Geoff Todd's childhood was one on a small dairy farm in certain isolation in Gippsland, Victoria. "For our small family, it was a life constricted by the rigid demands of dairy-farming: we had no television or ready transport, and life was, of necessity, restricted to the immediate landscape. However, for children, such as an environment provided challenges and adventure and, with barely two years between us, my brother Geoff and I were constant companions outside school, traversing the countryside with dogs and bicycles." "The landscape itself had a vitality combined with clarity of line, which reinforced our youthful sense of exploration and discovery; yet even here there was an element of darkness, for the end of World War II was still close enough to be tangible. Both our parents had served in the forces and the house was full of books about the war. These books featured the work of war artists as well as photographs and fifty years later Geoff would seek to replace them, for as well as their obvious impact on childish imaginations, these images continue to resonate through his work. The traces of such early influences surfaces even now in the Victoria Cross Winners series and, more dramatically still, in the blood paintings."

In 1978 Todd's "Book Sculptures" were first exhibited at Powell Street Gallery in Melbourne, they were then re-exhibited at the Victorian Ministry for the Arts in 1980 before he extended the concept to his "Dictionary Paintings" which were exhibited in Christine Abraham's Gallery in 1984 and then re- exhibited in the Victoria House Gallery, London, UK before travelling back to the Museums and Art Galleries of the Northern Territory.
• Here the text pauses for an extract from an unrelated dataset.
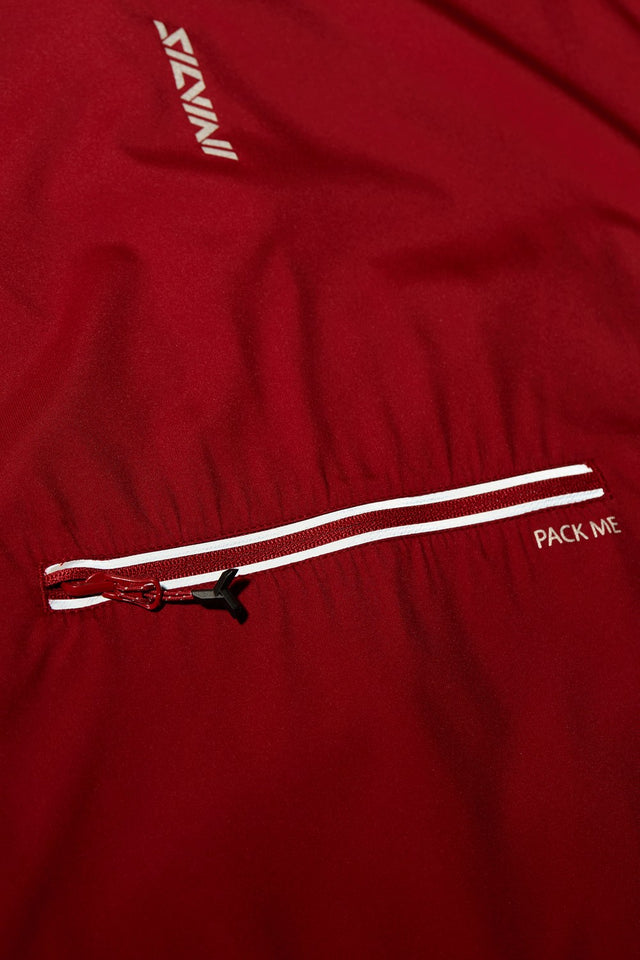 Veste coupe-vent pour homme MJ1612 Vetta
At first Todd worked on a concept of using all the actual materials and processes of conventional books but ignored the written content, then he finally worked his way to his "Comic Book Sculpture" which focuses on the story (content) and does not resemble a book in any way. These objects, mostly multiples, he called sculptures. "Using silk screen, etching, wood block prints and collage he has made reproductions of a number of well-known magazines, how-to-draw books, children's story books, and even an illustrated dictionary. Carefully bound and presented they seem at first to be identical with the objects of everyday use but once opened are seen to be quite different." A selection of Todd's book sculptures travelled Australia and the USA in 1978 in the Artists' Books/Bookworks exhibition. ""Books as books, or books as sculptures? I believe that each is the other: but there is a delightful ambiguous presence within the concept. "What happens when you make a portrait of a well-known book or magazine, using paper pages (printed and bound after many copies are made) yet the visual images are not representational? Though the portrait is the same size and format as the original and appropriate colours are used, the content is vague. Are such portraits realistic sculptures or simply more books?" 
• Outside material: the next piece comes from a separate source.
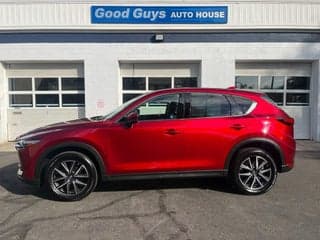 Mazda 2017 CX-5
1994 was a year of public commissions for Todd in the Northern Territory. The newly constructed State Square in Darwin saw Todd's interpretations of Coats of Arms on the facades of the Supreme Court of the Northern Territory and the Northern Territory Parliament House. Within Parliament House he completed the lobby floor stone, brass and steel inlay while a third coat of arms graces the parliamentary chamber. His painterly way of working led to him executing full scale coloured drawings on canvas to work from. Some of these large drawings have been acquired by the Northern territory Museums and Art Galleries' permanent collection, complete with burn marks and scratches suffered during the construction process. 

In 1984, Geoff travelled across Australia to Arnhem Land where he worked with traditional Aboriginal artists. During Geoff Todd's time in the Top End of Australia, the proximity of Indonesia allowed for convenient travel there. His work in Indonesia is in many permanent collections within museums in various Indonesian cities.

"In 1999, Todd held an exhibition at Benteng Vredeberg (The Dutch Fort) in Yogyakarta, Java, which was opened by Prince Prabukusomo (the younger brother to the current Sultan Hamengkubuwono X of Yogyakarta ). The public response to this exhibition established him as a respected artist within Indonesia as well as Australia." Mistik. 9 June 1999. published a cover story. Inilah Partai Pemenang Pemilu (This is the Electoral Winning Party). It appeared that Todd’s exhibition staged at the time of the Indonesian election had put the Sultan of Yogyakarta under some pressure to stand for election. "Opening the exhibition, Prince Prabukusumo, the brother of Java’s spiritual leader, the Sultan of Yogykarta, likened Todd’s work to Raden Saleh and Affandi, the acknowledged masters of 19th- and 20th-century Indonesian art. The paintings were a surprise for me because Geoff Todd is a foreigner and he captured the spirit of the son of my great-great-grandfather," Prabukusumo told the Bulletin. "Indeed, the overwhelming public interest in Todd's exhibition is a reflection of renewed interest in the warrior hero whose uncorrupted leadership qualities are sought like never before. As the first free election in more than three decades is due to take place on 7 June, Todd's work highlights many of the characteristics voters will be searching for among the candidates. "We want someone like Diponegoro. Someone clean and daring" explains (Indonesian artist) Ardiyanto Pranata". Many believed Hamengku Buwono X was the man.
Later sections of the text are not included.